For 2011-2012, our forecast calls for a relatively moderate increase each year in total production of these four types of panels to 156 million m3 (+9%) and 165 million m3 (+5%), respectively.

This forecast assumes somewhat faster growth in consumption than production, as we assume that a portion of the jump in plywood and MDF/HDF production in 2010 was actually consumed the following year when inventories were drawn lower as the pace of economic activity slowed during 2011.

We project a recovery in particleboard production, but this may prove optimistic if consumer opposition to products made with particleboard rather than MDF continues to be a problem for China’s oem companies.

Wood based panel exports

Rising production of panels has been supported by a rebound in export markets in 2010-2011 from the cyclical lows recorded in 2009.

This rebound was particularly noticeable for plywood and MDF/HDF.

Total 2010 Chinese panel exports of 10.3 million m3 represented 7% of total production, but this share was down from 14% in 2007. Exports in 2010 were also still off the pace set in 2006-2007.

However, the export share of total production should recover to around 8% in 2011 as exports soared to over 13 million m3 – the highest level ever recorded.

Remarkably, plywood exports jumped to over nine million m3; 73% above their 2009 cyclical low, and were one million m3 above their 2007 peak.

Closely matching the growth pace in plywood was that in MDF/HDF. At 3.5 million m3, 2011 MDF/HDF exports were also at record levels, exceeding their 2007 peak.

Nevertheless, plywood remains the largest-volume export panel product, exceeding MDF/HDF by a factor of 2.6.

Wood based panel consumption

Given the reported production data for 2009-2010, Chinese wood based panel consumption soared to 141 million m3 in the latter year – 54% above the 2008 level of 91.2 million m3. Consumption is estimated to have climbed another 13% to 159 million m3 in 2011.

With a slowdown in economic growth late in 2011, and through at least a portion of 2012, wood based panel consumption growth will slow, but is still expected to edge higher, reaching 167 million m3 in 2012 – 5% above the 2011 estimate.
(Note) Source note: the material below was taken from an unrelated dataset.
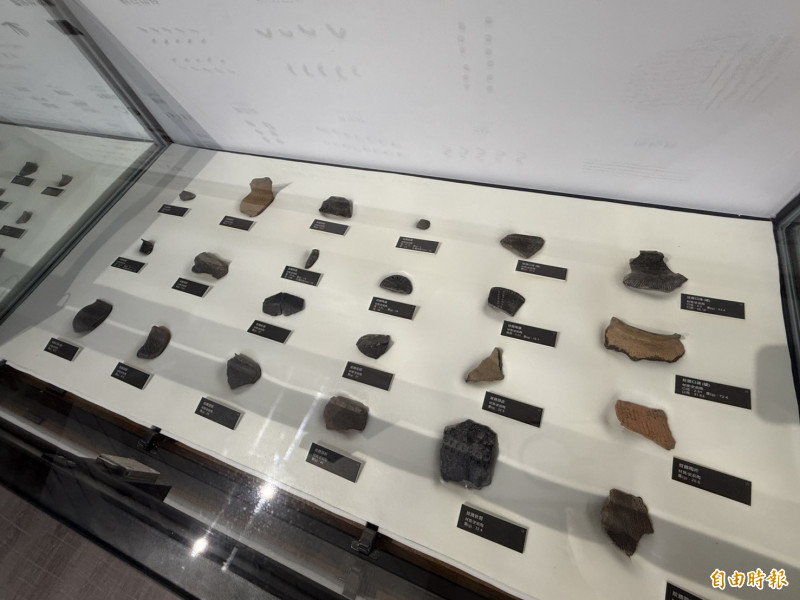 雲林湖山水庫人文遺址館開館常設展「佇山頂徛家」，展出多達238件大坪頂遺址文物。（記者李文德攝）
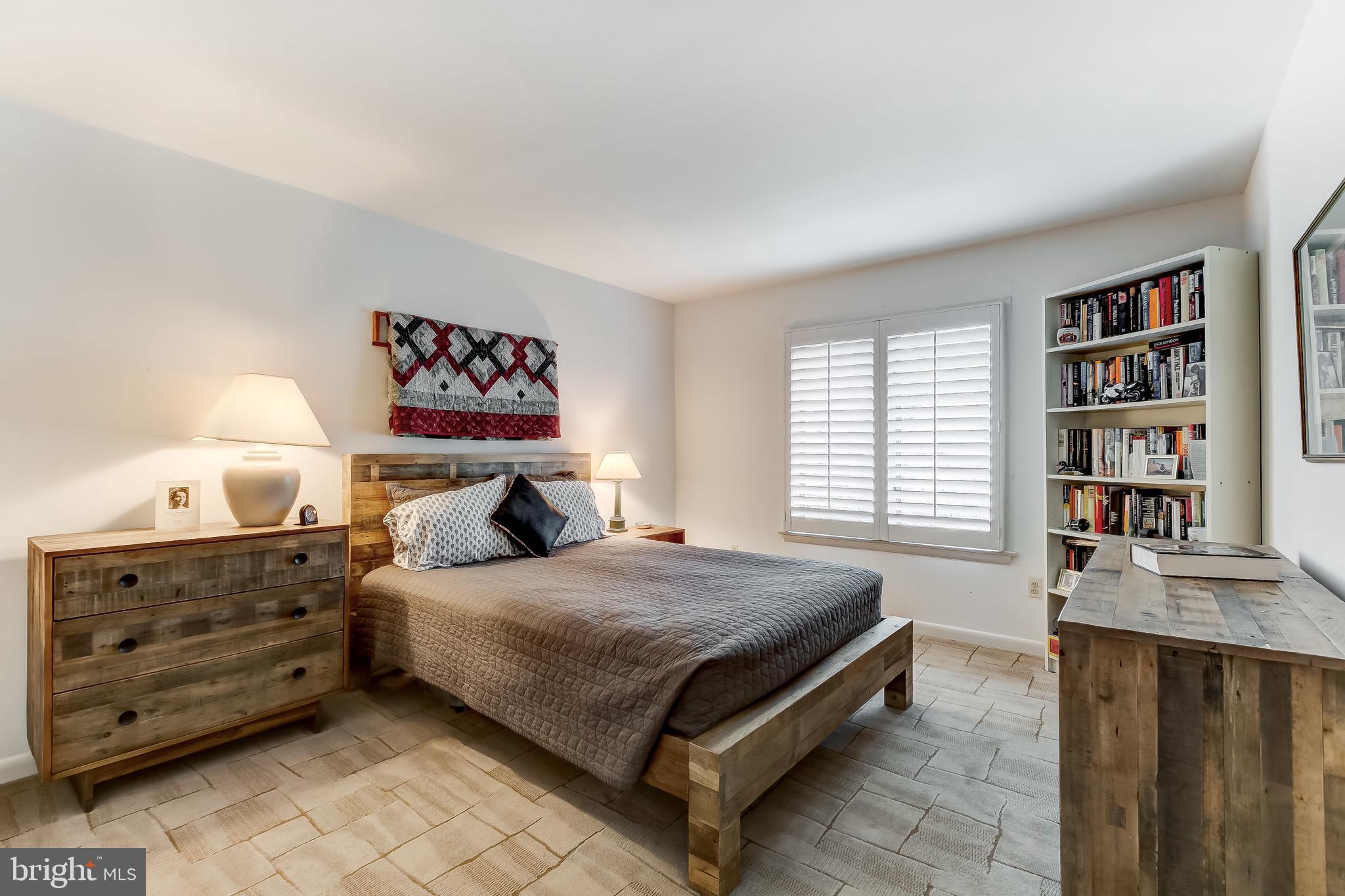 NORTH ROLAND PARK - Residential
Consumption growth is expected to re-accelerate in 2013, growing 8% to 181 million m3. This will set another record, at twice the 2008 level.

Turning to the individual types of panels consumed, plywood will remain the largest product category, but is expected to grow slowly (if only because plywood consumption levels have already reached surprisingly high levels). From 67.5 million m3 in 2010, plywood consumption in domestic and export markets will rise to around 84.1 million m3 by 2013 (a 25% increase).

The second largest panel product will remain MDF/HDF, consumption of which will climb 30% in 2010-2013, from 43.9 million m3 to over 56 million m3, somewhat closing the gap with plywood.

Meanwhile, particleboard volumes are expected to jump from 12.9 million m3 to 18.9 million m3 over the 2010-2013 period (a 46% increase), but this will occur only if this product’s acceptance as a furniture panel grows rapidly over the next few years.

Potentially, particleboard growth could be a lot more limited than projected here.

Meanwhile, blockboard consumption is expected to record an increase from 16.5 million m3 to 21.4 million m3 over the same period (+30%).

Our overall forecast for panels continues to be conservative and we would not be surprised to see significantly higher consumption than projected.

Nevertheless, as the Chinese economy matures, it has to be expected that the extended string of back-to-back years of double-digit increases in wood based panel consumption will be broken. Growth rates will moderate, reflecting, in turn, flattening growth rates in construction and furniture markets in particular.

Nevertheless, in the near- to medium-term, China’s wood based panel markets will indeed fly higher, breaking still more records. And the bulk of this growth will be fed by domestic  panel producers either converting domestic logs or consuming residuals derived from both imported and domestic logs.

Consequently, China’s wood fibre markets will remain very tight, keeping upward pressure on panel producer manufacturing costs for years to come. But that is another story to be told elsewhere!